If you need any further assistance I'd be happy to look into your account and see if there is any additional information I can find. Send me a PM with your information and I'll see what I can do to help. 

-Jessica, OnStar Advisor
Social Media Team


----------



## RobD (Feb 26, 2013)

I guess I should have said - I don't do iphones. My smartphone is an Android. Anyway, my trip to Vancouver and back was riddled with, "Thank You, Good Bye" interruptions, so I decided to let my dealer try to fix it. BTW Stacy & obermd - I haven't had any troubles dealing with my GM dealership, in fact they have been advising me all along to bring the car in. Like I said earlier, I've been hesitant to do so, just cause I love driving my new Cruze! If I had any complaints with how my dealership was treating me, I would be glad to have an esteemed Chevrolet Customer Assistance Representative like Stacy help me, but my guys are doing GREAT! Thank you.


----------



## RobD (Feb 26, 2013)

Oh Yeah - my car goes in to my dealership tomorrow.

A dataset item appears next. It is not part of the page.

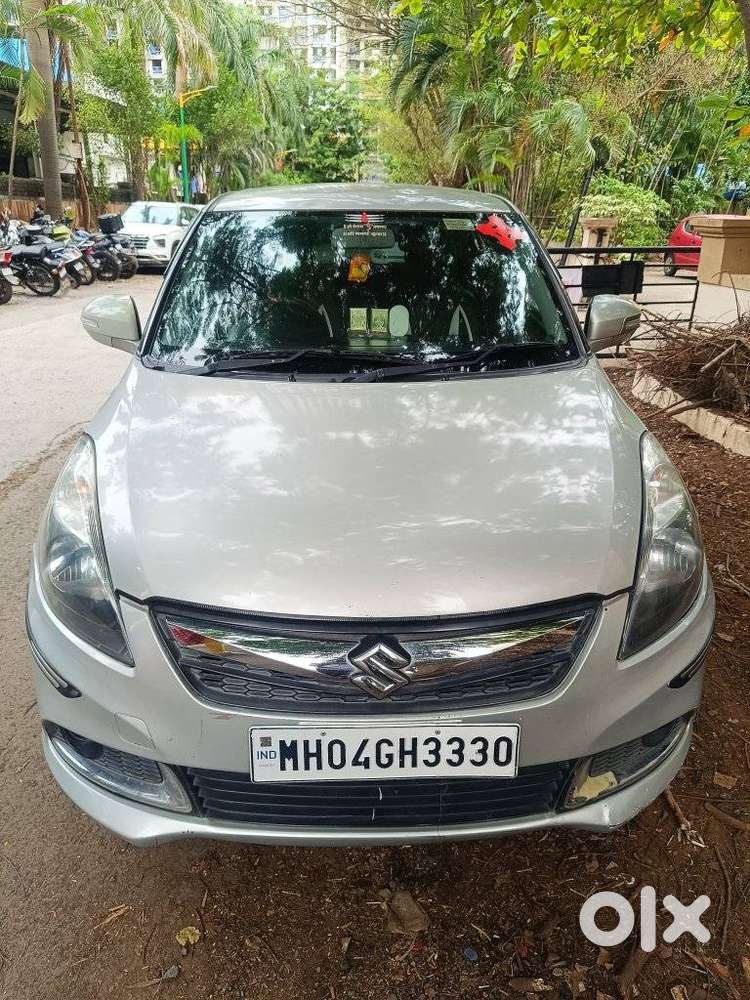 Maruti Suzuki Swift Vdi, 2013, Diesel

I'll let everyone know how it goes.


----------



## RobD (Feb 26, 2013)

I got my car back from the dealership today. They talked to GM who said it is a problem with either my mirror or the steering wheel controls. So, they ordered a new mirror to see if that fixes the problem. I need to wait 7-10 days for it to arrive, then we'll see if that does it. More soon!

RobD


----------



## Chevy Customer Care (Oct 29, 2011)

RobD said:


> I guess I should have said - I don't do iphones. My smartphone is an Android. Anyway, my trip to Vancouver and back was riddled with, "Thank You, Good Bye" interruptions, so I decided to let my dealer try to fix it. BTW Stacy & obermd - I haven't had any troubles dealing with my GM dealership, in fact they have been advising me all along to bring the car in. Like I said earlier, I've been hesitant to do so, just cause I love driving my new Cruze! If I had any complaints with how my dealership was treating me, I would be glad to have an esteemed Chevrolet Customer Assistance Representative like Stacy help me, but my guys are doing GREAT! Thank you.




RobD,
I am happy to hear that you are happy with your dealership!! That is great to hear. Please keep me posted on your concerns. If you have any questions, comments or concerns please feel free to contact me anytime.
Thank you,
Stacy Chevrolet Customer Service


----------



## RobD (Feb 26, 2013)

So, I got my Cruze back from the dealer with my new mirror! BUT - it didn't solve the problem. So, now my dealership has ordered a new steering wheel (or steering wheel parts) to see if that fixes the problem. More Soon.

RobD


----------



## jacobdrag (Jun 5, 2013)

RobD,

Any update as to whether the new steering wheel fixed the issue. I am having the same problem on my 2012 Cruze but the dealership can't find anything wrong and wont replace any parts until they can recreate the problem.


----------



## jevs (Sep 24, 2019)

No solutuon? My 2012 will not complete the bluetooth pairing. When it asks for a name it then immediatly says "Thank you Goodbye". It shows as paired on the phone but doesnt work. If you hit options on the phone it asks for a pairing code but nothing works and then it cannot communicate. Hitting the button on the steering wheel pops up the menu for a second and then just goes out and says "Thank You Goodbye" immediatly.


----------



## Iamantman (Sep 24, 2018)

Oh this is random. I was just listening to the giantbomb podcast on the way home and one of the hosts mentioned this happened to him with a Cadillac rental once. Killed the battery because it kept attempting to pair even with the car off and the tow truck driver told him that he'd seen it all the time on GM cars. 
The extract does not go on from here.